> **Exercise prompt**
Although pictures appear in the entries below, leave them out and print exactly the lines from the first line through the line containing "Dental terminologiesHomodont Heterodont".

> **Stored items from a collection**
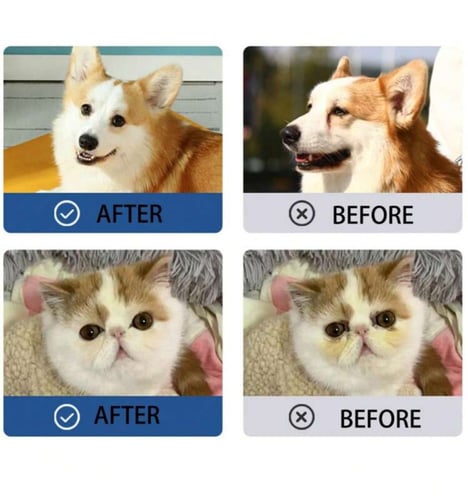 كيم بيتي مناديل لتنظيف الاذن والعيون للقطط والكلاب...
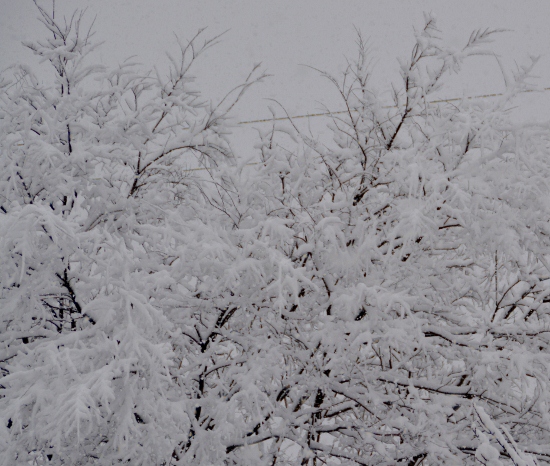 DSC_0294 (550x466)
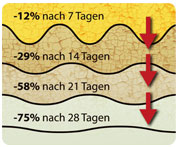 Logo_Nach7Tagen_Art37258 Logo_Nach7Tagen_Art37258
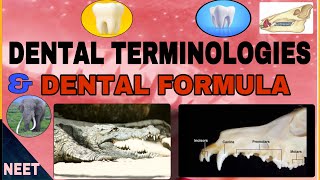 Dental terminologiesHomodont Heterodont DiphyodontAcrodontThecodont etcDental FormulaNeerja [upl. by Barclay]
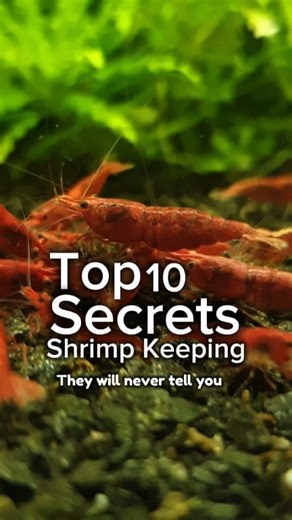54K views · 1K reactions | Top 10 Secrets of Shrimp Keeping They Never Told You Save it  #shrimphatchery #neocaridinashrimp #shrimpaquarium #shrimpbreeder #shrimpkeeping #shrimpbreeding #weeklychallenge #weekend #weekendvibes #aquarium #aquariumhobby #aquariumlife #fblifestyle | Shrimp Hatchery | Facebook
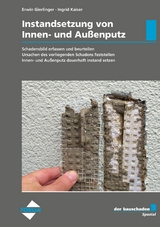 der bauschaden Spezial Instandsetzung von Innen- und Außenputz -  Erwin Gierlinger,  Ingrid Kaiser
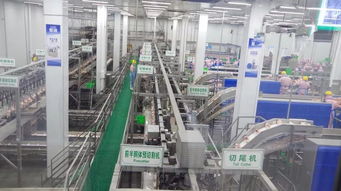 肉雞屠宰加工主要技術參數(shù)分析及技術服務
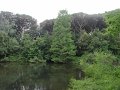31_Teich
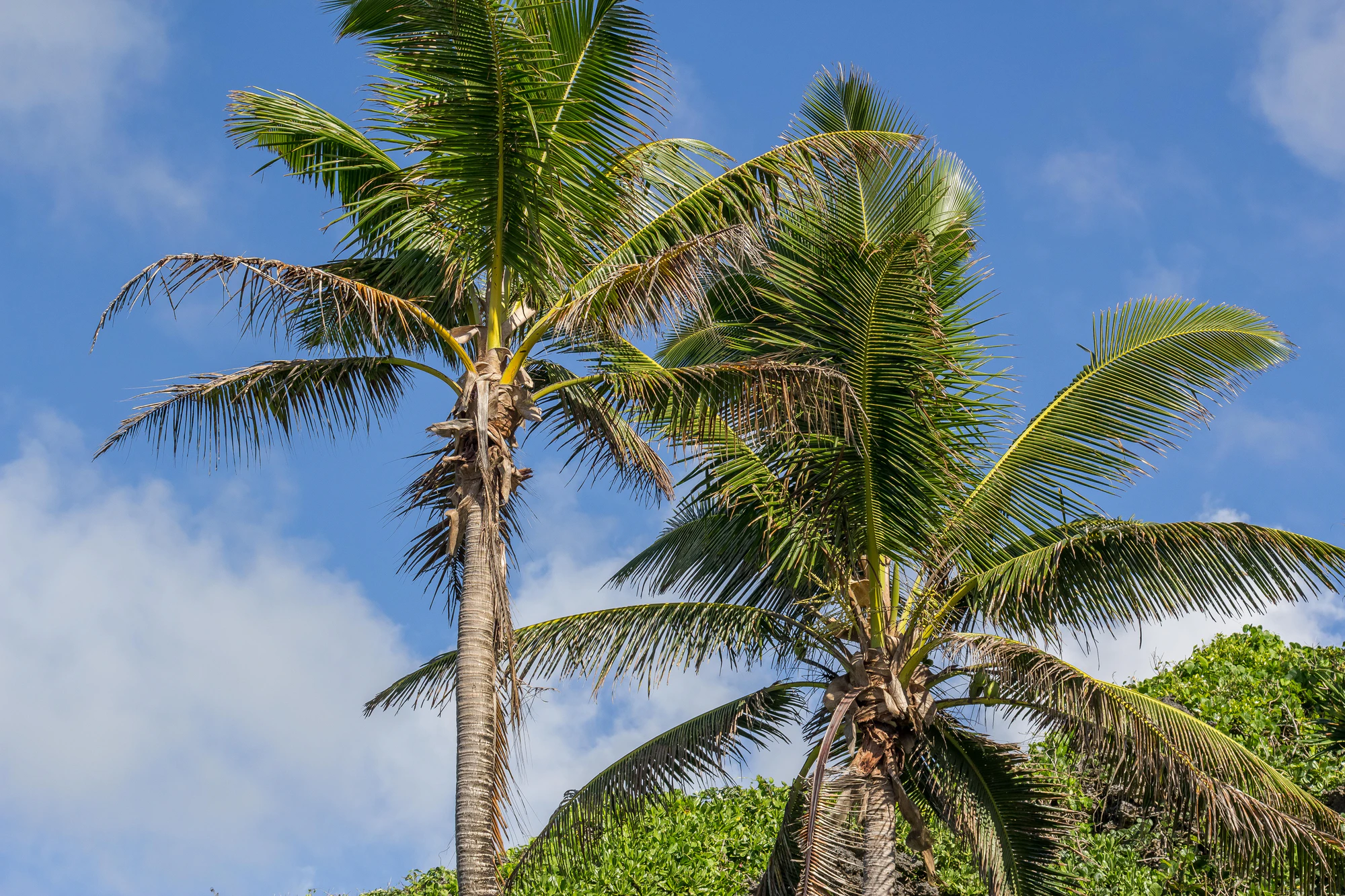 coconut palms 047 — Descargar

> **Result**
 كيم بيتي مناديل لتنظيف الاذن والعيون للقطط والكلاب...
 DSC_0294 (550x466)
 Logo_Nach7Tagen_Art37258 Logo_Nach7Tagen_Art37258
 Dental terminologiesHomodont Heterodont DiphyodontAcrodontThecodont etcDental FormulaNeerja [upl. by Barclay]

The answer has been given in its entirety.